There is an art to the dive bar. It must be dingy, but not depressing. It must have “denizens” rather than customers-and there must be a usual roster of suspects on any given night. It must come by its reputation organically, not manufactured to “feel” urban or crusty. It must be the sort of place you have to think twice about taking parents, visitors to the city, and first dates, lest they re-evaluate their opinions of you and your drinking habits. And lastly, it must have a bathroom that tries to achieve some standards of cleanliness, since that is the sign of honest pride in one’s establishment. If they’ve given up trying to tame the bathrooms, folks, they’ve given up the ghost on a lot of things. So the top three on my In Love With list are (in order of frequency of visits): Five Points’ Upside Down Plaza, Irondale’s Bourbon Street, and Avondale’s Brown Derby.

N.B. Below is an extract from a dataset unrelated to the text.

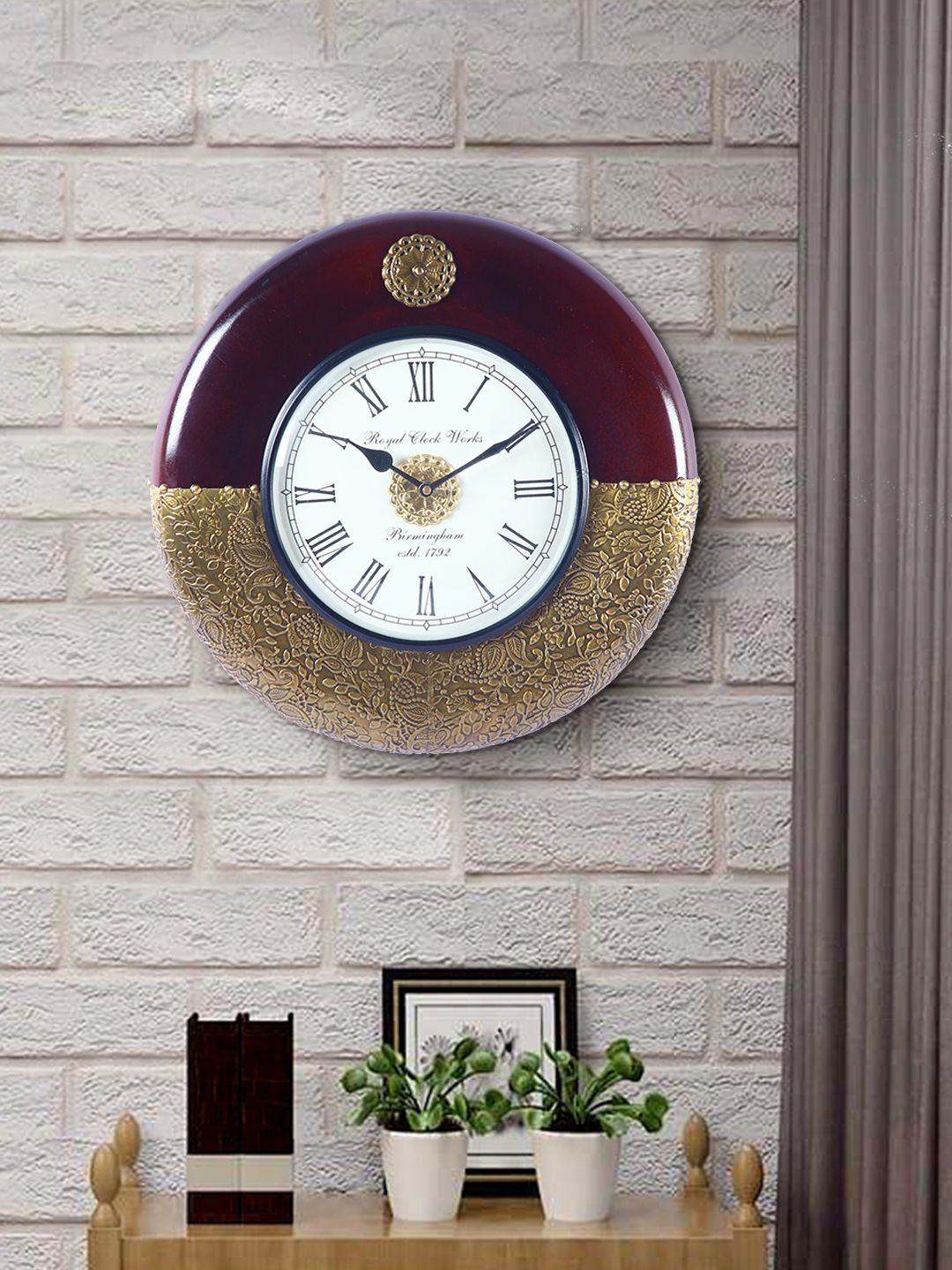 Aapno Rajasthan Brown & Gold-Toned Textured Dual Shade Designer Wall Clock-image-38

Familiarity has never yet bred contempt for me at the Upside Down Plaza. Its graffitied walls, eternal smoke haze and subterranean damp combine to make it the real life equivalent of the basement those kids on That 70’s Show were always hanging out in. The cast of characters leans towards young, college and punk. The beer selection is limited, and the potato chip bags are just for display. But it’s the people watching and the fact that I recognize some of the names in the graffiti that keep me coming back, even when I can afford more than PBR.

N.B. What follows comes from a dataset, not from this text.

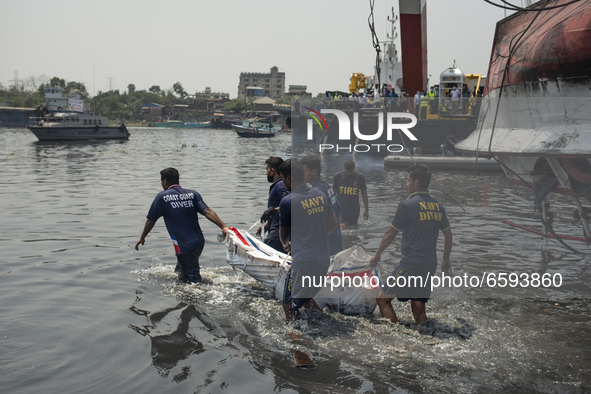 A rescue team pulling a dead body in bag just after pulling out the capsized boat from the Shitalakshya River, in Narayanganj on April 5, 20...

Bourbon Street smells about the same, but is light years away from the Upside Down Plaza as far as its patrons go. Bourbon Street is far more a neighborhood bar and about as close to a honky-tonk as I’ve experienced this side of Mississippi. The karaoke menu leans towards country, the ladies’ hair is big, and again, the beer selection is limited. This is the bar, however, to hit when what you need is a little Southern love, a few cool brews and someone doing a credible version of “I Never Promised You A Rose Garden” to set the world right.

Last on the list is my new love, The Brown Derby on 6th Avenue South. It’s an unassuming corrugated metal building-so unassuming I drove past it twice the first time I tried following someone there. The Brown Derby is what Cheers was when it started – a place where they know your name, and cheerfully serve you something other than what you ordered. (I made the mistake of ordering Blue Moon in there one time, and was handed a bottle of some sort of blue Zima instead. I’m sticking to High Life there.) After a few drinks though, the folks are so friendly, the jukebox so well-stocked, the beer so cold, who really cares it ain’t the trendy spot all the hipsters are hitting. It’s just like home, just with, well, let’s be honest…cleaner bathrooms.